As if it wasn’t enough to spend 3-5 hours of my week running, sometimes I also read about running in my spare time. So I thought I would review a few of the running-related books that I’ve read in the past several months.
I wanted to like this book more than I did, but at the end of the day, I just can’t relate to Kristin Armstrong that much. I don’t have a gaggle of girlfriends with whom I go gallivanting through the streets of Austin. I don’t have kids, and I’m not nearly as fast. The book is primarily a compilation of Armstrong’s blogposts and writings for Runner’s World organized by topic (“mile marker”). However, that lends itself to being chronologically disjointed and occasionally confusing. I did appreciate how she combines running and her faith and her odes to the support and camaraderie of her running friends, but I had trouble relating.

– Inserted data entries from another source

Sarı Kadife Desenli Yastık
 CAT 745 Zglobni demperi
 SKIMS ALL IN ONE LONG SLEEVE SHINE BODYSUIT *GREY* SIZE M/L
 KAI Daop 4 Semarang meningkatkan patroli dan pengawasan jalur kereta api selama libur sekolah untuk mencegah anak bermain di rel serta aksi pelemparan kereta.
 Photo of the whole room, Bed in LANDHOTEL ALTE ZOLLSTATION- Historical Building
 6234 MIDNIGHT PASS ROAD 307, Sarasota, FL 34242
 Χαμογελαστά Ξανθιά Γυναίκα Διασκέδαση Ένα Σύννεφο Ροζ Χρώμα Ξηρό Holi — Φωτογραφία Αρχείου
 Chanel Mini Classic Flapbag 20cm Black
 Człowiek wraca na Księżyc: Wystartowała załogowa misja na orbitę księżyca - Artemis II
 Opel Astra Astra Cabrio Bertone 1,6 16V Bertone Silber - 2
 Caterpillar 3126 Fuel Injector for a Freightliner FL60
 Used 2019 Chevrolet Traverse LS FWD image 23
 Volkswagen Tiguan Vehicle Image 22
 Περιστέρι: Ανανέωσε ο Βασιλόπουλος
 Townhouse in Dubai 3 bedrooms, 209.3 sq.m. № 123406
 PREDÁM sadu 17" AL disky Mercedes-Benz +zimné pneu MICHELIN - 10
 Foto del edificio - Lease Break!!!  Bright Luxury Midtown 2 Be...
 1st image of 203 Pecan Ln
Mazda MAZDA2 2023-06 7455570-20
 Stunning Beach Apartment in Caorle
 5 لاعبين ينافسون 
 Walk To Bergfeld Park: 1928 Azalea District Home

Run to Overcome by Meb Keflezighi
It’s actually been almost a year since I’ve read this book, but with Meb’s Olympic Trials success, it would be a good read before this summer. In large part, the book is an answer to the critics who claim that Meb isn’t “really” an American since he immigrated from Eritrea. What is more American, more of an example of what our national mythology holds up than an immigrant coming to American and being able to find success? Additionally, the “real” American argument is pretty thinly veiled racism, but that’s a rant for another time. Meb’s good-guy personality and his hard work shine through this book, even if the writing is pretty second-rate. It’s a quick read for anyone interested in the back story of an Olympic runner. I’ll certainly be cheering for Meb when he runs in London.
Born to Run by Christopher McDougall
Just in case I’m not the last runner in the world to read this book, there’s a reason that it’s so popular. I started it with some skepticism due to those militant barefoot runners who take so much inspiration from it, but there was very little barefoot propaganda in the book. The story is marvelously told, weaving in scientific discoveries and history with the main narrative of the “greatest race.” I couldn’t recommend it more highly, even if you’re not that into running. If you are into running, it will make you want to run more. While the book touches on veganism, barefoot running, and more, it isn’t about those movements specifically. At the end of the day, a well-written, fascinating story is really what this book is.